ACTIVITY - Print the listing exactly as it stands, and skip any pictures in it.
*** GIVEN RECORDS ***
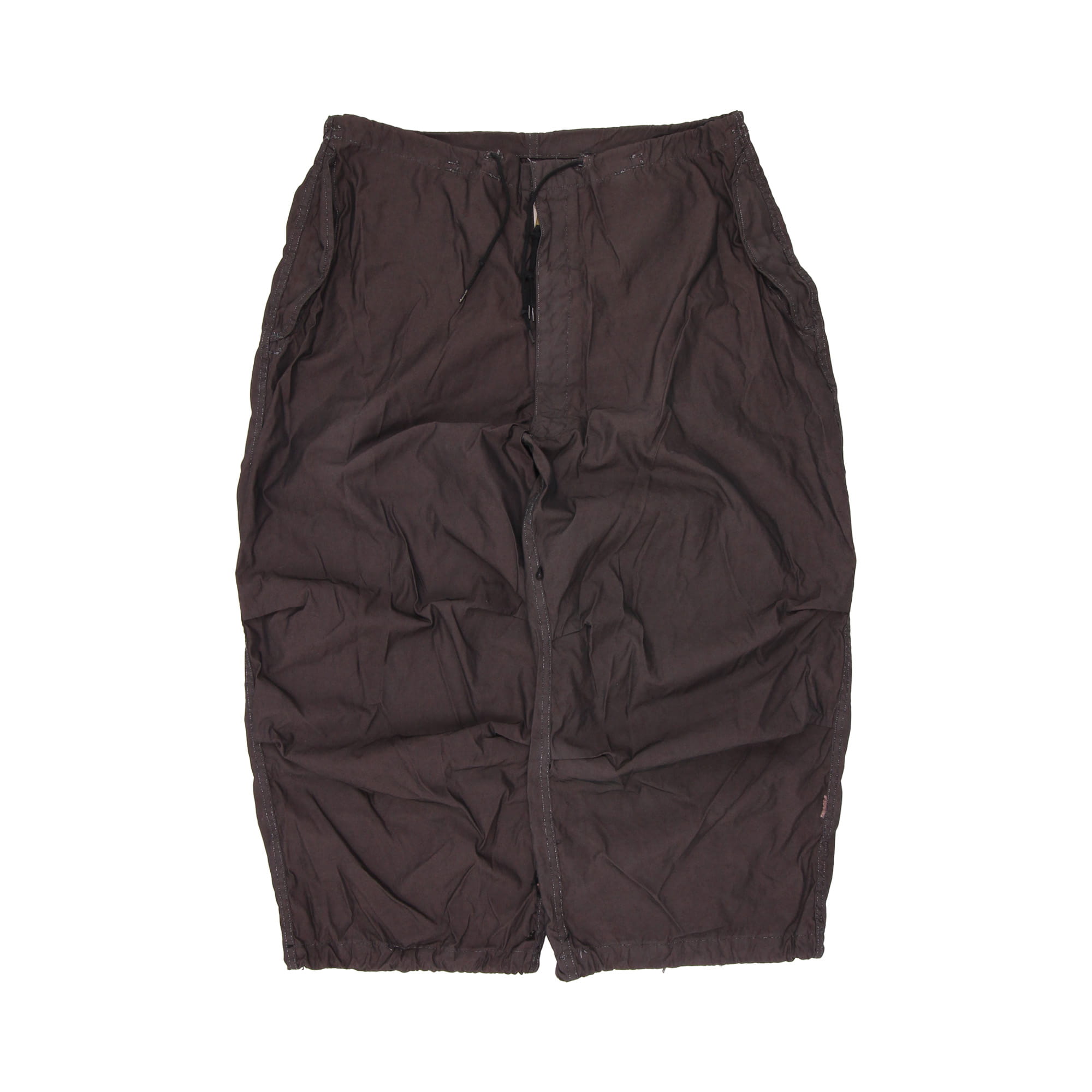 Shell Overpants Brown - L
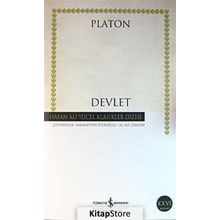DEVLET - PLATON(EFLATUN) (ISBN:9789754587173)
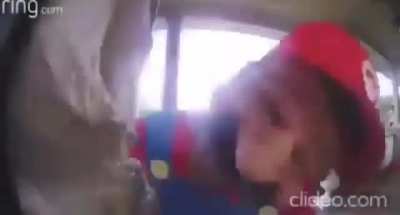 based mario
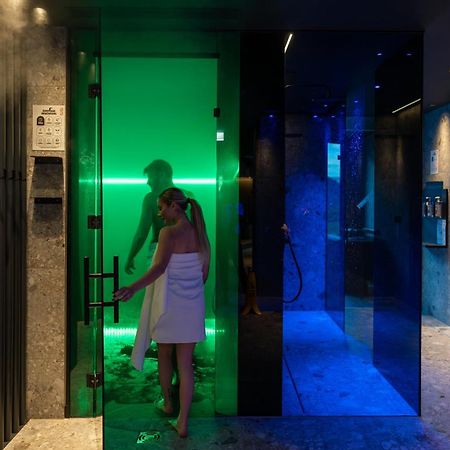 Lifesteil Aparthotel Umhausen Dış mekan fotoğraf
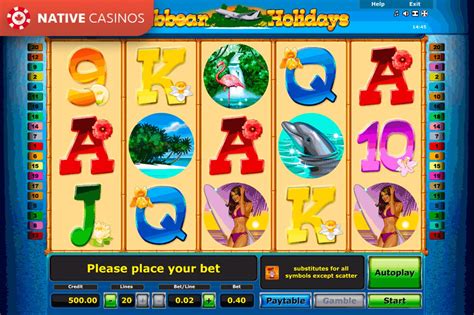 caribbean holidays online casinos|Play Caribbean Holidays Online FREE .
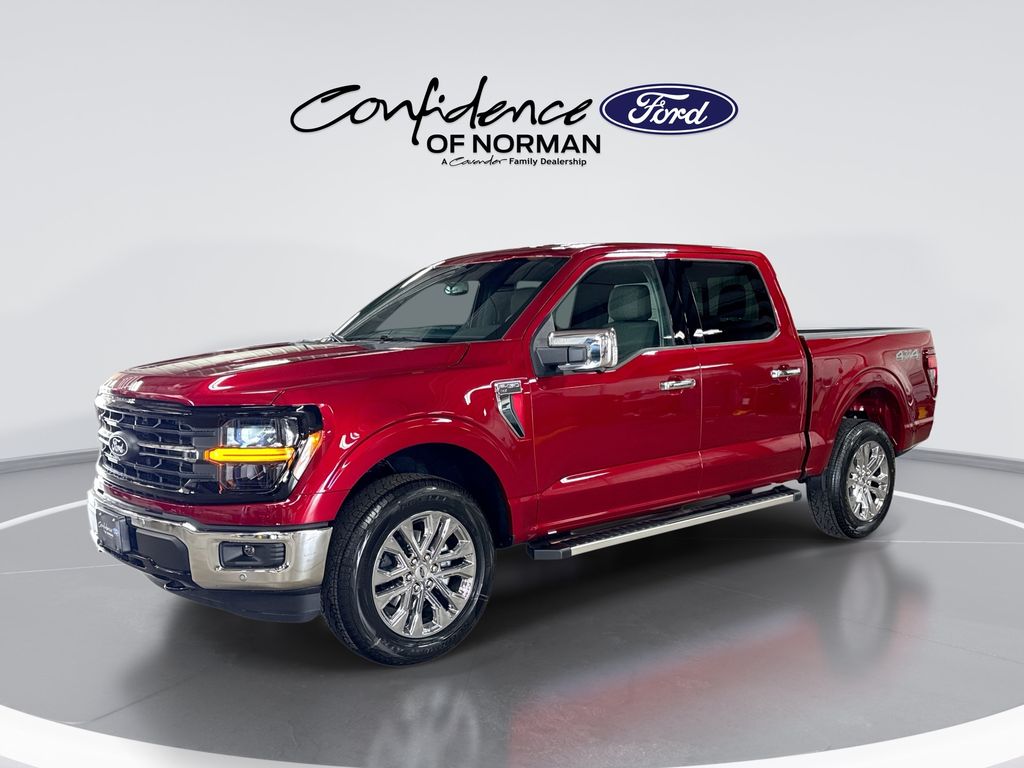  Ford F-150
*** End of GIVEN RECORDS ***
RESPONSE TO THE TASK -
 Shell Overpants Brown - L
DEVLET - PLATON(EFLATUN) (ISBN:9789754587173)
 based mario
 Lifesteil Aparthotel Umhausen Dış mekan fotoğraf
 caribbean holidays online casinos|Play Caribbean Holidays Online FREE .
  Ford F-150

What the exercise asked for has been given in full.